Las Vegas NASCAR Fight Under Review

No Las Vegas fight penalties are expected to be issued by NASCAR

Steve O’Donnell, NASCAR Executive Vice President and Chief Racing Development Officer talked about possible Las Vegas fight penalties this morning.

The NASCAR executive stated officials were continuing to review the Kyle Busch v. Joey Logano fight video. However, about the tempers flared at Las Vegas Motor Speedway, the sanctioning body is inclined “not to react” pending further tape review.

Kyle Busch vs Joey Logano Fight at Las Vegas Motor Speedway
(Photo by Sean Gardner/Getty Images)

O’Donnell’s remarks came Monday morning in a guest appearance on SiriusXM NASCAR Radio’s “Morning Drive” program.

“It’s certainly under review,” O’Donnell said.

He continued, “We have to take everything, make sure we look at all the video, but just from our in assessment last night, as far as on-track I don’t think we saw anything that was intentional by any means. We have to have discussions with both drivers. I think our intention would be not to react unless we see something we haven’t seen yet.”

Kyle Busch body slammed Joey Logano on corner entry. Joey Logano drove up the track, with an out of control machine ‘mostly’ due to corner entry contact. That resulted in contact with Kyle on corner exit. That’s what caused the whole pit road incident.

Joey Logano has a case that the corner exit contact was unintentional, a small one. A brake pedal could have avoided that contact. But at the same time, it’s the last lap, so what brake pedal? Joey Logano stated on twitter, “We about crashed and I was trying to save it. Nothing intentional on my end. Had another fast Ford all day. Proud of this 22 team.”

Immediately after the pit road incident. The Team Penske crew requested a meeting with NASCAR. In cases like this, it’s usually NASCAR calling teams to the hauler.
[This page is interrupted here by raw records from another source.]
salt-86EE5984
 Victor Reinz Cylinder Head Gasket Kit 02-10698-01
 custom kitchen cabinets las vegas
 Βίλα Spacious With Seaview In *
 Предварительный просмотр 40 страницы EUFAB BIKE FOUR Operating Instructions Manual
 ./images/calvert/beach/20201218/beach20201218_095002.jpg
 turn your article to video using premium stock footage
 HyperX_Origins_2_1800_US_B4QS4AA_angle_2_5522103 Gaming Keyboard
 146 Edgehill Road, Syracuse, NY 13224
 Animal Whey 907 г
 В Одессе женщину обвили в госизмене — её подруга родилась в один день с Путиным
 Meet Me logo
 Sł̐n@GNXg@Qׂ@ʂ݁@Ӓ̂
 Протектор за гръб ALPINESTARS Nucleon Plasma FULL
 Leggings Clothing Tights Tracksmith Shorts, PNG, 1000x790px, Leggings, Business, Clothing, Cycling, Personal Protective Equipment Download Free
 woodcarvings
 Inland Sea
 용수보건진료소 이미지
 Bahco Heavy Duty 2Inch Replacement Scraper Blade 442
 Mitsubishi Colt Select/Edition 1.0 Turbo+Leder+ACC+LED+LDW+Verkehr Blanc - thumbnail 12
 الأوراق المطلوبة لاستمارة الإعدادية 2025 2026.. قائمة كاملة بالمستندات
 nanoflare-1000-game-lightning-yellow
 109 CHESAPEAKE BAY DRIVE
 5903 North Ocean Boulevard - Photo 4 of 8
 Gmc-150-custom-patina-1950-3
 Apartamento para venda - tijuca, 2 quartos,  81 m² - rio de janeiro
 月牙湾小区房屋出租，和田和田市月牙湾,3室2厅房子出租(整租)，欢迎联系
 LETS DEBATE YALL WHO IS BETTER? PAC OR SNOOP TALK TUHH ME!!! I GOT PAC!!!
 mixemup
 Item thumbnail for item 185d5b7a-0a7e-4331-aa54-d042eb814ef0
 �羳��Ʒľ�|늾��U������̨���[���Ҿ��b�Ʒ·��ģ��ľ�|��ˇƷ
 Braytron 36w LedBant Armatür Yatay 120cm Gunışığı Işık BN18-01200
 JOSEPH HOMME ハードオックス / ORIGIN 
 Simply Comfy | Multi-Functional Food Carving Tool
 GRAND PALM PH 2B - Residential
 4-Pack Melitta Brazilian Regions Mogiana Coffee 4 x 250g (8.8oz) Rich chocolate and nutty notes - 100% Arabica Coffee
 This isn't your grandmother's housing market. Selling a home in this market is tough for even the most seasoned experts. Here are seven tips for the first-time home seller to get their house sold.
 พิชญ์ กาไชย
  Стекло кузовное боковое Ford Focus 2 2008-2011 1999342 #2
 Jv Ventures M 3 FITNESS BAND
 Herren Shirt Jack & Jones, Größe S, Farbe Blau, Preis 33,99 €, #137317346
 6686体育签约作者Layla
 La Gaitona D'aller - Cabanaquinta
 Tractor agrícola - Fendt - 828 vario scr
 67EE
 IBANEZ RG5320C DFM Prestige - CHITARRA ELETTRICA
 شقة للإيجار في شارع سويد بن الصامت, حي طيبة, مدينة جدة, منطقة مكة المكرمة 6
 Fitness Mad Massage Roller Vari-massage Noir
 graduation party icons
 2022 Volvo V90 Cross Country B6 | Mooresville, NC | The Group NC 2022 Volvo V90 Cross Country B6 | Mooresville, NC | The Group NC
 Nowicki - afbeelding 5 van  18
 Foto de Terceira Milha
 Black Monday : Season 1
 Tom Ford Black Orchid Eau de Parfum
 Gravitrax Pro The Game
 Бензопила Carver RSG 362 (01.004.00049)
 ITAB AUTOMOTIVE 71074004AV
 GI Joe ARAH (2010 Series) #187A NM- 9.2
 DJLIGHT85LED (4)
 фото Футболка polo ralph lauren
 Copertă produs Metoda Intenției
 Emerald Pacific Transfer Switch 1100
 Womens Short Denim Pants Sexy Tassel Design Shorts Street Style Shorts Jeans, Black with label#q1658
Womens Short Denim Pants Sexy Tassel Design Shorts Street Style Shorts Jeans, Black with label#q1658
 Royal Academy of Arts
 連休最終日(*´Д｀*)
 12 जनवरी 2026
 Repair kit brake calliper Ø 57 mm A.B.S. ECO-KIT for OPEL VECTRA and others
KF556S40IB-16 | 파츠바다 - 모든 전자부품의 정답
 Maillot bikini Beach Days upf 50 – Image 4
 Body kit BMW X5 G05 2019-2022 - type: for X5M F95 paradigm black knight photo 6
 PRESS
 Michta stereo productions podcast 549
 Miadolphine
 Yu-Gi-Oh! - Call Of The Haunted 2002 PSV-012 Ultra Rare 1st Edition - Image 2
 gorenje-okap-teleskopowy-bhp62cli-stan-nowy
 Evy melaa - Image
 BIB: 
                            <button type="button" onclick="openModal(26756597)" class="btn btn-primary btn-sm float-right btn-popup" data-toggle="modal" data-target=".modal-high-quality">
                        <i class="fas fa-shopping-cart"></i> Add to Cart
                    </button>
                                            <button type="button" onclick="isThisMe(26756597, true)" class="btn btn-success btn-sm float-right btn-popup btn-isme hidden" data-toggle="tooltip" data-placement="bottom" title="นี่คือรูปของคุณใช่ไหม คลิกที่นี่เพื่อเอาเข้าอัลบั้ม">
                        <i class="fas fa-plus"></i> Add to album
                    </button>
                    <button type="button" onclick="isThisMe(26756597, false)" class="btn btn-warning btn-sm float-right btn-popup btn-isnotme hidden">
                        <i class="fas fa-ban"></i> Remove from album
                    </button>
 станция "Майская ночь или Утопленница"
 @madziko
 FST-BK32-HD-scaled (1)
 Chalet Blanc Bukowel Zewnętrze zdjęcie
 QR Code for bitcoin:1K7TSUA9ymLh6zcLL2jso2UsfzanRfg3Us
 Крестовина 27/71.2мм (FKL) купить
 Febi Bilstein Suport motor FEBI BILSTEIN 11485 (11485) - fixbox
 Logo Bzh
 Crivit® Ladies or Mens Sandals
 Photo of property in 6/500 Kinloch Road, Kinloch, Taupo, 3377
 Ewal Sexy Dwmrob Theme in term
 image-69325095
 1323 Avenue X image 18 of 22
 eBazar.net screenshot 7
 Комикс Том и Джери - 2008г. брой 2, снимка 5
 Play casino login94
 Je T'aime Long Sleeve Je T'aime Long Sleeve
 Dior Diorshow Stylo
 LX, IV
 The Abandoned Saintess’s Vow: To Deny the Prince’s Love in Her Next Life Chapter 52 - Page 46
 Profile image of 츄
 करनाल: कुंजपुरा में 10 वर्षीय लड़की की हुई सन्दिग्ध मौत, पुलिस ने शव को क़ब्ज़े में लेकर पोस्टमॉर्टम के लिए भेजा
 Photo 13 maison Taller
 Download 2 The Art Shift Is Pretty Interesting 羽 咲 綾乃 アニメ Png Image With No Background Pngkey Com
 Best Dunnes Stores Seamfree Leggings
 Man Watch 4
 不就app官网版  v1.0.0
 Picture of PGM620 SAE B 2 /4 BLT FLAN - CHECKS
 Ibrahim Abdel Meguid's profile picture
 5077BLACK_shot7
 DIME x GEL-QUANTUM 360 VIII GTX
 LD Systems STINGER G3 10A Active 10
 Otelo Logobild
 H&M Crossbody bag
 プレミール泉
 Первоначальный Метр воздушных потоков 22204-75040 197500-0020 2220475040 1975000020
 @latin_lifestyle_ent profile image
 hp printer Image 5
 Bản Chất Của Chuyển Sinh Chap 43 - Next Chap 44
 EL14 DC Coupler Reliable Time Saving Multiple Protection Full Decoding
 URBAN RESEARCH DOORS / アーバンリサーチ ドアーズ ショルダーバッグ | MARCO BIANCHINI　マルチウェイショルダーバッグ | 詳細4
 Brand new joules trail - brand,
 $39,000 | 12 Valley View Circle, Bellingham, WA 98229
“It’s an emotional sport,” O’Donnell added, “and I think it shows exactly how much every position on the track means.”

NASCAR CEO Brian France says, “You gotta expect that.” He explained the amount of pressure on these drivers who compete at the highest level of stock car racing. So, he isn’t surprised when emotions run high and things boil over.

“What our position has been is that we want to leave it in the drivers’ hands,” O’Donnell said. Continuing on that point, “What we don’t want to see — and the drivers have asked for this, which is very fair — is a crew member initially approaching a driver or initiating some type of altercation with a driver. The early review of this is, this was two drivers with crew members kind of stepping back. Once something happens, a crew is taught, which I think is right, that if someone comes up in your pit box and attacks your guy, you have the right to try and break that up or bring it to a stop. I think that was the initial review that we saw.”